Nash's Matt Rhodes says it's time to think differently when the mercury plummets
As the fishery manager at Nash’s Royston day-ticket fishery I get to spend more time next to the water than most people, which allows me to follow the changing ways of the carp through the seasons.
One thing that has been very clear this autumn has been how the carp have changed the spots where they are feeding confidently as the water temperature has started to fall away.
Through the summer months it was all about finding the hard spots. If you found a spot where the lead cracked down close to showing fish then it would be a dead cert for a bite. A light scattering of baits was all that was needed with little and often baiting definitely out-performing filling it in.
Around the middle of October the carp subtly changed their behaviour. As with most day-ticket lakes the fish tend to show at night when most people are tucked up in bed and disturbance is at a minimum. Regular as clockwork, the carp had been showing close to the hard spots, but this changed. Now they were over more broken ground and deeper water. With bites hard to come by on the hard spots, I guessed it was time to try something different.

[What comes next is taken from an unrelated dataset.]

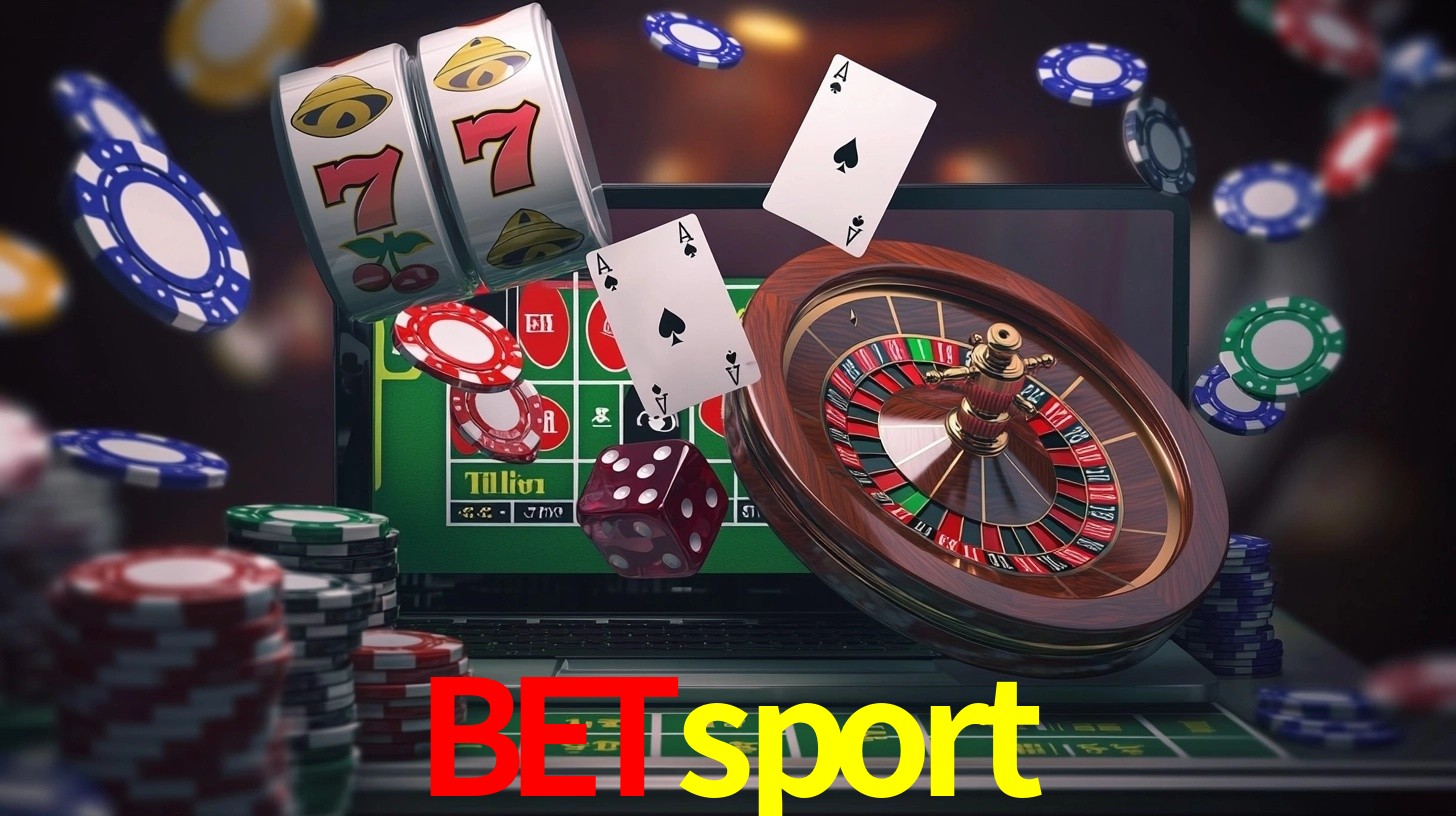 betsport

Fortunately, my change in tactics worked a treat. A spread of the new Key Cray boilies would hopefully keep the fish looking for grub and my version of the multi rig would keep the hook popped up an inch and clear of any weed and chod.
Now, I only normally get to fish one or two nights a week, so it was a real confidence booster when the opening night fishing into the softer areas resulted in a cracking brace of twenties.
So if you are struggling on your normally productive spots, have a look for some softer areas nearby, the fish may well be feeding up there on the millions of tiny invertebrates contained in the silt. One thing to remember though is it needs to be clean silt - if your lead or bait comes back smelling horrible then you are unlikely to catch.